A criação surge, parafraseando Hegel, em grande medida, com a ruína do mundo real, o real como a verdade de todas as coisas. Quando queremos apenas e tão-somente reviver a verdade de todas as coisas, não temos nenhuma necessidade de criar, no máximo de nossos horizontes, quem sabe, reproduzir o estado de coisas, repeti-lo à exaustão, encontrar pequenos elementos que nos dão algum prazer, diante da verdade de todas as coisas. A verdade de todas as coisas parece estar estampada no mundo que também parece verdadeiro. Tudo está aqui ou ali, do jeito que queremos ou do modo como nos acostumamos a interpretar a verdade de todas as coisas. Isto é tão importante que vivemos boa parte de nossa transitoriedade, como se estivéssemos seguros no meio da verdade de todas as coisas e assim, por um passe de mágica, transformamos até mesmo a arte – cujo princípio é a subversão e a perversão – em instrumentos religiosos para que, com seus ritos, possamos reproduzir a verdade de todas as coisas. Quando estamos seguros, não temos necessidade alguma de criar, apenas de reproduzir.

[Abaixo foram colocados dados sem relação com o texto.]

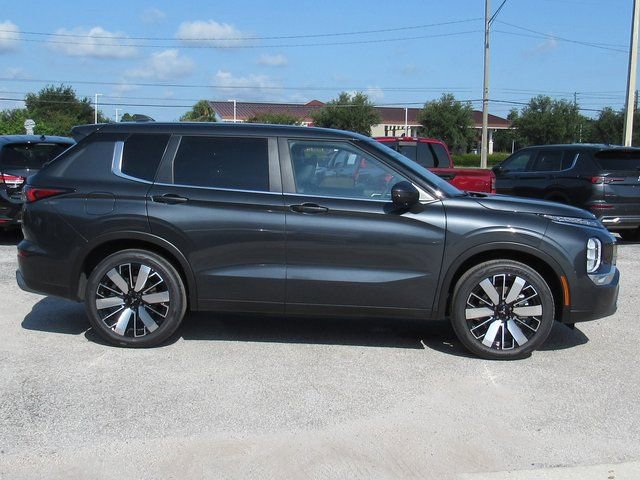 New 2025 Mitsubishi Outlander SE image 2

Platão, em alguma medida, parece ter razão ao afirmar que a única e verdadeira obra de arte é o que chamou de “protótipo”, o primeiro. O primeiro sopro, a primeira revolução interna, o primeiro grito e a primeira sensação, que deixa de ser exata, que abala, que estremece, que cria rachaduras no mundo da verdade de todas as coisas. Criar é o ato supremo em que nós nos desfraldamos de modo único e absoluto, é o tiro no escuro, é a destruição de nós diante da verdade de todas as coisas. Criar não pode ser um ato reprodutivo, um mantra, como em ritos religiosos nos quais podemos atingir nossos transes pessoais. A criação vem da extrema necessidade de romper, interverter, inverter, fazer ruir e é por isso que o ato, o fazer-criar tem um componente extraordinário, é o ato supremo, a revolta total contra a verdade de todas as coisas. O fazer-criar é o apelo de cada um quando surge o momento decisivo, criar, em sentido radical, é o ato de coragem, que revela a compaixão para com o mundo que, por ter se tornado a verdade de todas as coisas, tais devem ser totalmente expostas, suas vísceras têm de ser removidas, refeitas. Tudo, na verdade de todas as coisas têm de ser revoltas e cuspidas. O criar e o fazer-criar surge dessa tempestade que é profundamente histórica, humana, é a revolta que nos dá a necessidade imperiosa de mergulharmos no nada para criar. Não há nada mais implicante, nada mais extraordinário do que o fazer-criar, e quando ainda pudermos nos dar esse direito supremo, o direito do homem para além de si, como Friedrich Nietzsche tantas vezes nos apontou. Que a criação nos desvele, nos desnude, nos irrompa e nos deixe ser o que temos de ser, subversivos no mais alto grau de nossa existência, frágil, incerta, improvável e imponderável!